Ahir Zaman Bilinci

 

Açıkça görülüyor ki, zaman ahir zamandır. “Nasıl bu kadar eminsiniz?” derseniz deriz ki şartlarından. Çünkü Hazreti Peygamber Aleyhisselam bugünü, bir şahsı tarif eder gibi tarif etmiş. Adını, soyadını, boyunu, kilosunu yaşını, soyunu ve bir çok yönüyle özelliklerini tarif eder hem de. Bütün bu tariflere bakınca bugünün o tarif edilen gün olduğu açık. Açık ama imtihandayız. Deliller ne kadar güçlü olursa olsun, insan ancak inanmak isterse inanır. İmana delille varılır. Ama neredeyse matematik deliller kadar güçlü deliller de olsa bu delillerle amel etmek sadece akılla alakalı değil, vicdan ve ahlakla da alakalıdır.
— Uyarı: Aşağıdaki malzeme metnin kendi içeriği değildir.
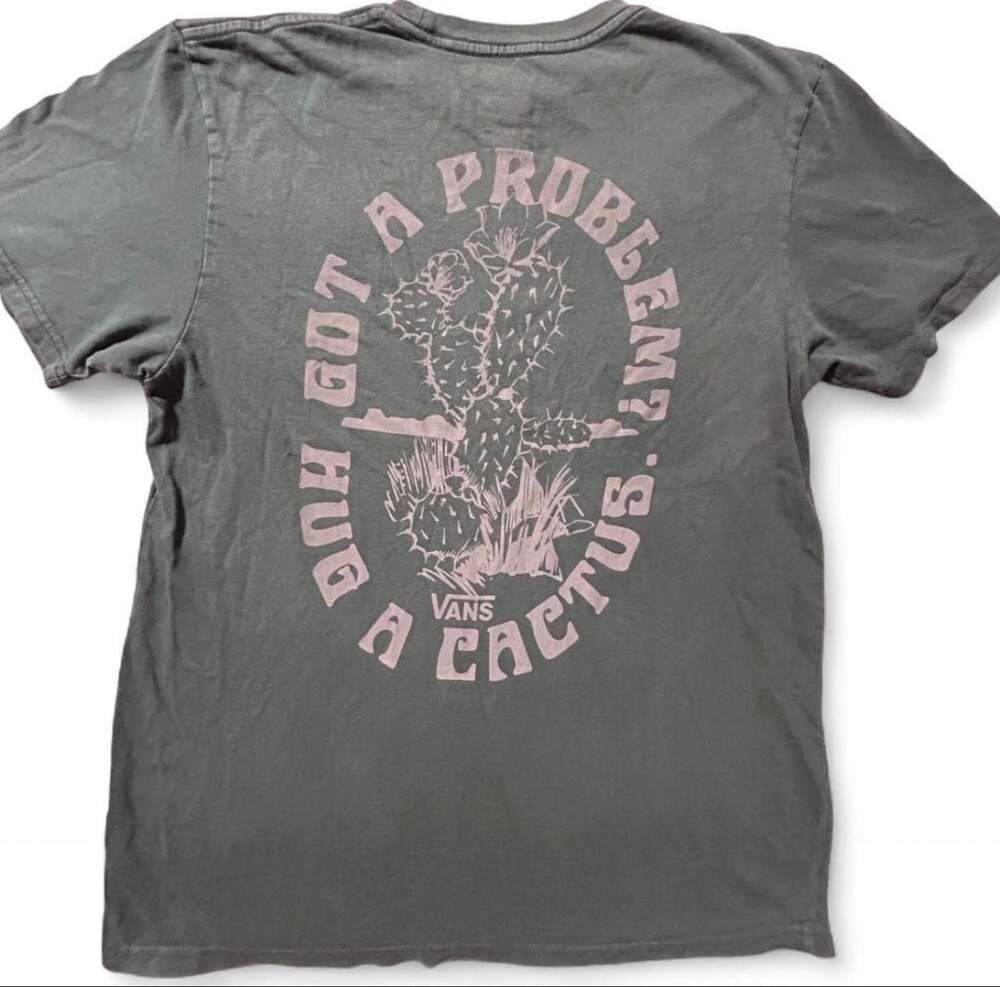Vans Hug A Cactus Graphic T-Shirt Medium Charcoal Grey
Mesela; Allah'ın varlığıyla ilgili deliller milyonlarcadır. Yokluğuyla ilgili bir küçük delil yok. Ama vesvese ve hezeyan vardır. İnanmak istemeyen onca güçlü delili yok sayar ve vesvesesini delil kabul edip inkâr eder. Onun gibi Hazreti Peygamber Aleyhisselam'ın ahir zamanla ilgili bir sürü hadisi vardır. Ahir zamanın en önemli siması ve en tartışmalı konusu ise şüphesiz Mehdi' dir. “Var mıdır, yok mudur, gelecek midir, gelmeyecek midir?” gibi tartışmaların ayaklarını yere bastıracak şey ise bu konudaki hadislerin sıhhatidir. Bunun dışındaki yorumların ve şahsi mülahazaların hiçbir önemi yoktur.
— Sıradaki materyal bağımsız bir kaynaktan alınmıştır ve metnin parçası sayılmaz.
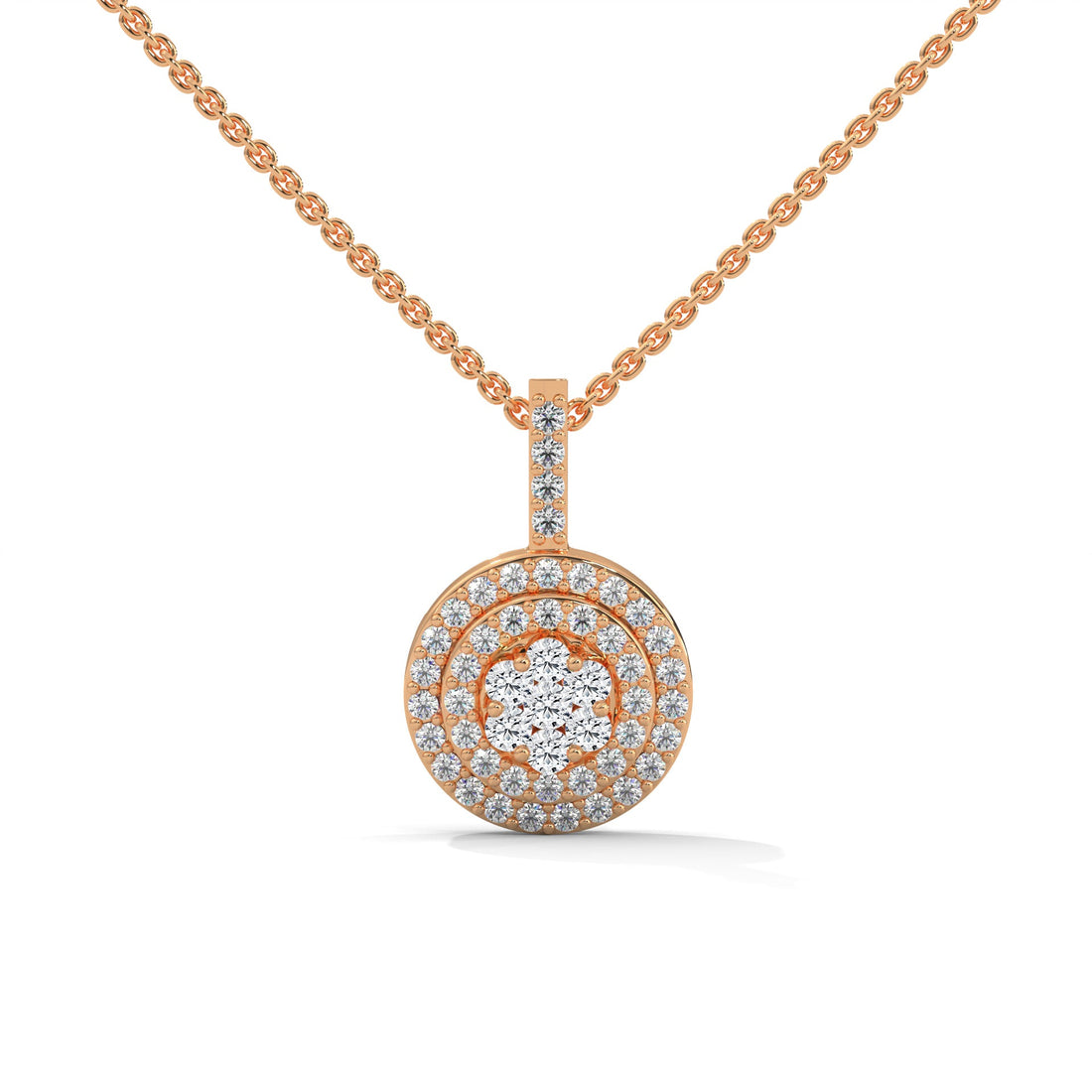Gold Triple Halo Round Diamond Pendant Necklace | 0.32CTW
O halde güvenilir altı hadis kitabını ifade eden Kütüb-ü Sitte'de bu mevzu “var mıdır yok mudur?” diye bakınca; altısında da bunları görmek mümkündür. Özellikle Kütüb-ü Sitte'den Ebû Davud, Tirmizî ve İbni Mâce'de geçen hadislerde Mehdî ismi açıkça zikredilerek bahsedilmiş, Buharî ve Müslim'de ise imam, halife tabirleriyle yer almıştır. İbni Hacer, Teftazanî ve el-Keşmirî, gibi âlimler Buharî'de yer alan, "İmamınız sizden olduğu halde İbni Meryem indiği zaman haliniz nasıl olur?"(1) hadisindeki "imam"dan maksadın Mehdî olduğunu söylerler.(2) İbni Hacer, bu rivayete dayanarak Hz. Mehdî'nin gelişiyle ilgili rivayetlerin sahih olduğunu, onun bu ümmetten olup Hz. İsa'nın onun arkasında namaz kılacağıyla ilgili rivayetlerin de mütevatir olduğunu, bu hususla ilgili İmam-ı Şafiî'den de bir nakil yaparak söyler. (3)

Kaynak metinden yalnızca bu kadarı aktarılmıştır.